Task to complete. Copy out exactly, from the entries that follow, the line holding "Chinhhari arts Wrought", the line holding "206 Richards Dr, Derry", and all lines between them, but no pictures.
* * * *
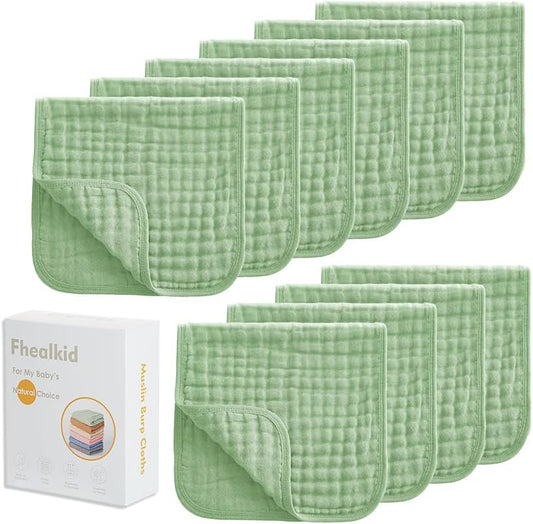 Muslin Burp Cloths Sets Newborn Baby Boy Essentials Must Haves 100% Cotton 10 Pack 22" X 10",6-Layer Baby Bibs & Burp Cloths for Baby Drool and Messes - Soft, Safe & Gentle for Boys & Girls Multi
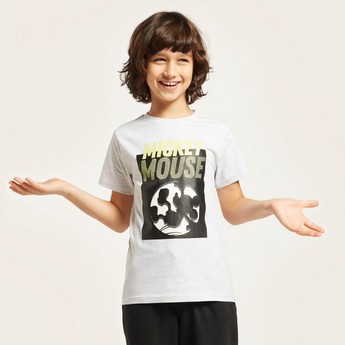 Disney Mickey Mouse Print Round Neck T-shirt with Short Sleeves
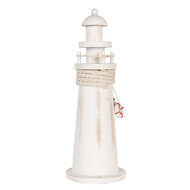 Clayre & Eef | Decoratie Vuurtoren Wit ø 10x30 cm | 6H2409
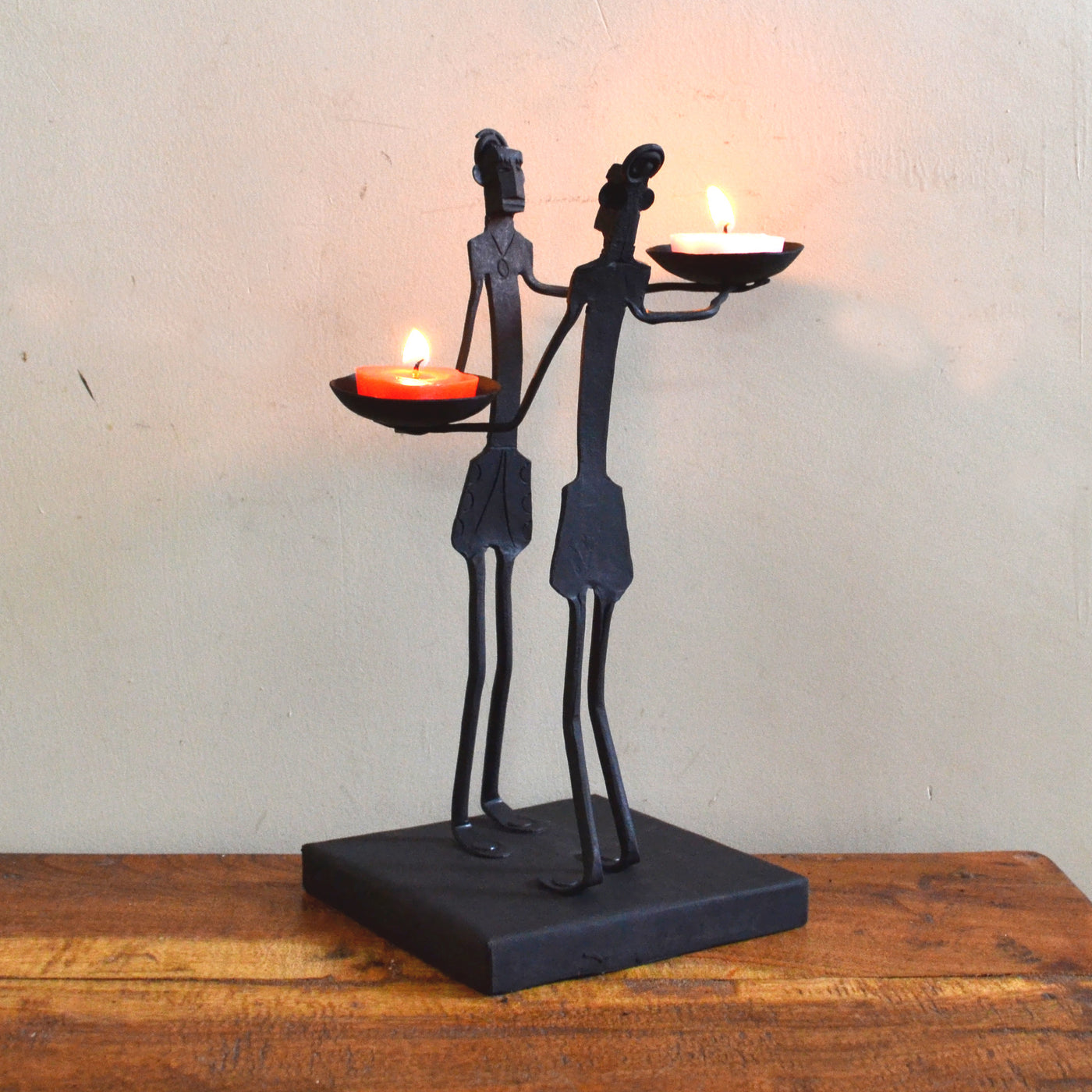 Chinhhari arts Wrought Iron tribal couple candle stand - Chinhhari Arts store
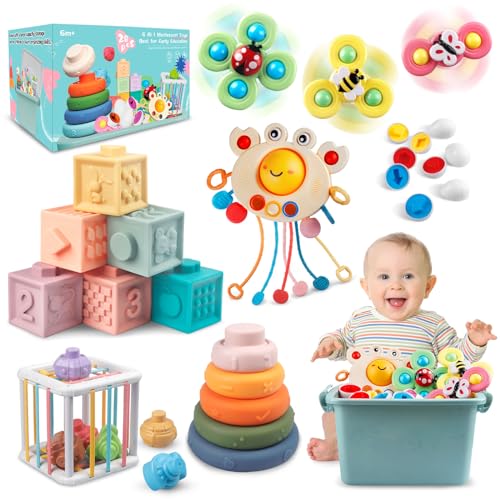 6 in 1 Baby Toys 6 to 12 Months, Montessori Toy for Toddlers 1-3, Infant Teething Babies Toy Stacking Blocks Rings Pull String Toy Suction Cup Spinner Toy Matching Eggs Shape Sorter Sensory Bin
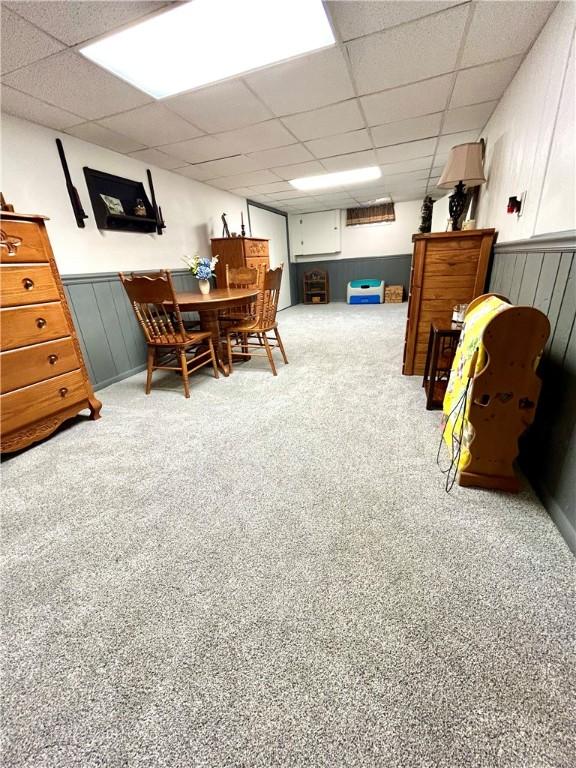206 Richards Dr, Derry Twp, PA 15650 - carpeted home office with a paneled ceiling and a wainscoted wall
* * * *
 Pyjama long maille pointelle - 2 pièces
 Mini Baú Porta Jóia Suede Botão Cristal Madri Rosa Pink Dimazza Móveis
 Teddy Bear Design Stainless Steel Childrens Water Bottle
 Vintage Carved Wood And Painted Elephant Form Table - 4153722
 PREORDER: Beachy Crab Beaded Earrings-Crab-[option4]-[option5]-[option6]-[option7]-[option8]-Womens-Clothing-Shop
* * * *
Written response.
 Chinhhari arts Wrought Iron tribal couple candle stand - Chinhhari Arts store
 6 in 1 Baby Toys 6 to 12 Months, Montessori Toy for Toddlers 1-3, Infant Teething Babies Toy Stacking Blocks Rings Pull String Toy Suction Cup Spinner Toy Matching Eggs Shape Sorter Sensory Bin
206 Richards Dr, Derry Twp, PA 15650 - carpeted home office with a paneled ceiling and a wainscoted wall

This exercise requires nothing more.